Ambiguous labor pains
Preaching on biblical passages about labor and childbirth is important, but it's also dangerous.
We know that the whole creation has been groaning in labor pains until now (Romans 8:22).
This year at Vacation Bible School I told the story of Jairus’s daughter. My plan was to have one child pretend to “sleep” and then be raised up by Jesus. But it turned out that all the children wanted a chance to be Jairus’ daughter. So around I went, taking the hands of “sleeping” children and touching their foreheads and saying something like, “Get up! Jesus makes you well.”

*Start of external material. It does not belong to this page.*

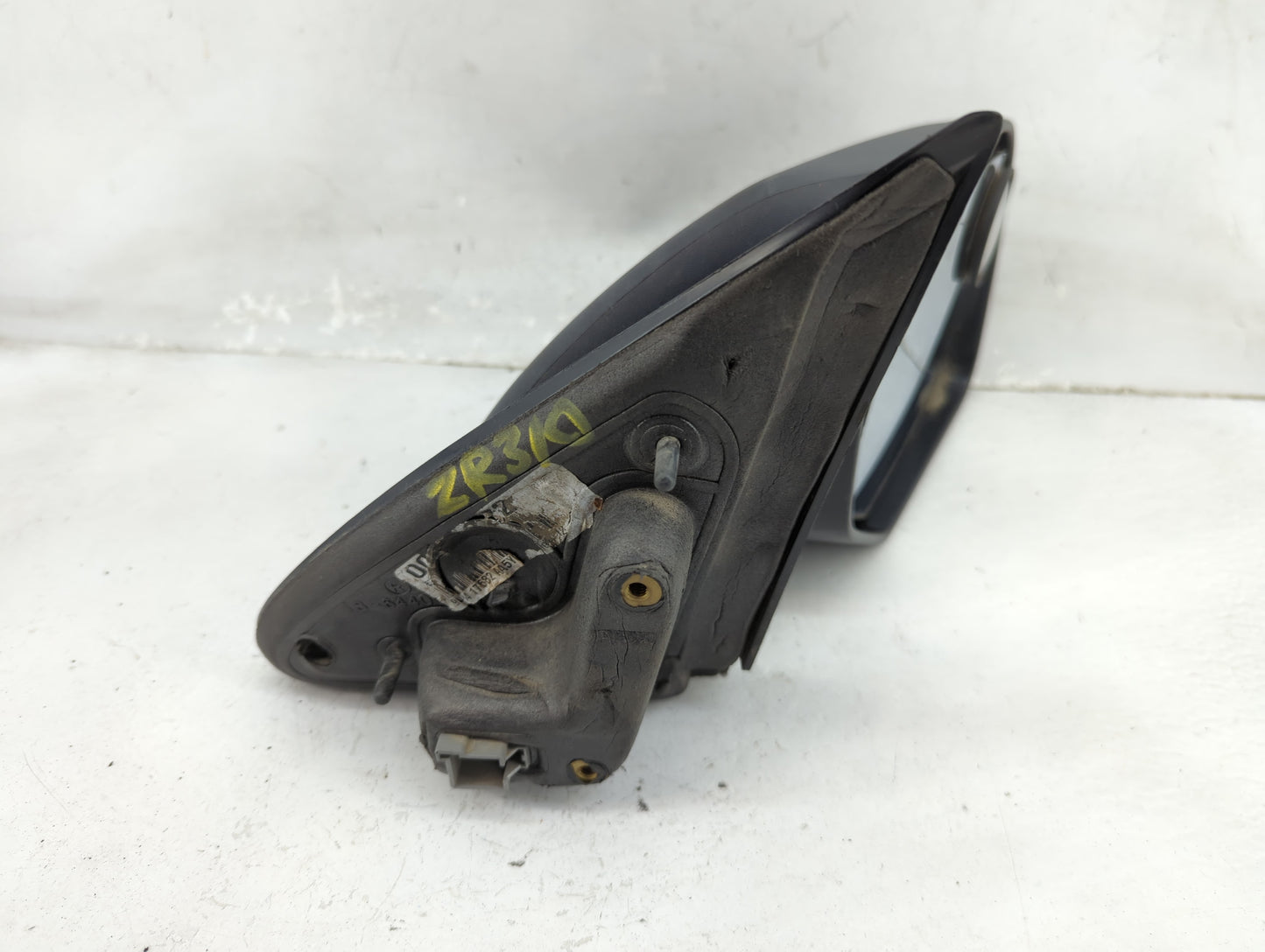 2008-2009 Ford Escape Passenger Side View Mirror - Right Door Mirror OEM Used - Oemusedautoparts1.com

As I went around raising these children and sending them off to craft sheep out of marshmallows, I could not help but think of all the children who will not be raised up. I thought of my friend who had recently miscarried. This week, I think as well of the little ones on Gaza’s beaches and on our own borders. Pregnancy, birthing, raising children, losing them—all these acts leave me speechless.
Preaching on biblical passages about labor and childbirth is important, but it's also dangerous. One must remember that not all pregnancies are wanted, and not all women can experience pregnancy; that suffering is not a prerequisite for glory, and not all suffering ends in glory. Texts about labor suggest the hope that on the other side of suffering you will hold a beautiful, living child. But you might not.
You may instead hold the "products of conception" in a jar. You may hold a beautiful child who is fully formed, cold, and blue. You may not be able to hold your baby because she is whisked away to the depths of the NICU for lifesaving procedures. Or maybe you won't hold your child because you yourself will need lifesaving measures—and you may indeed lose your life from complications of pregnancy or childbirth, as a woman somewhere in the world does every minute.
Labor pains are ambiguous. And ambiguity is hard.
And even when labor and pregnancy go "as planned," you know not whom you hold in your arms. This is your child, yes, but also God's. This tiny creature is a mystery of tissue, nerves, and stardust, leaving us with so many questions.
I don't really know what all these questions might be. I'm not even close to being a mommy yet. I can only use my imagination and dream of a day when I might hold God's child in my arms.
But I do know, from my many mommy and daddy friends, that this whole thing is ambiguous. You can read all the books, but there is no map for birthing and parenthood. You just find your way forward. I often look at wonder at my friends who are parents. How can you embark on such an unknown journey and face it with courage? How do you even begin to raise a little human being? I'm not a parent, but I am a pastor—and I often have similar questions as I look out into the congregation on Sunday morning. How do we even begin to build the Kingdom of God?
I love these labor verses. They are rich and feminine and powerful and raw. They are both strong and vulnerable; they are ambiguous. They give me great sermon material for a church facing difficult transitions and new beginnings. Even though we don’t yet know how to be the church God needs us to be, we can be that church if we walk by faith.
At the same time, these verses terrify me. They say that I must journey without a map, that I must trust without knowing the result, that I must be prepared to experience suffering.
And isn't this usually the case with the gospel? It is a terrifying and humbling task to both live and preach the good news. The outcome is no more certain than that of birthing a baby. We don’t have maps, just faith and hope.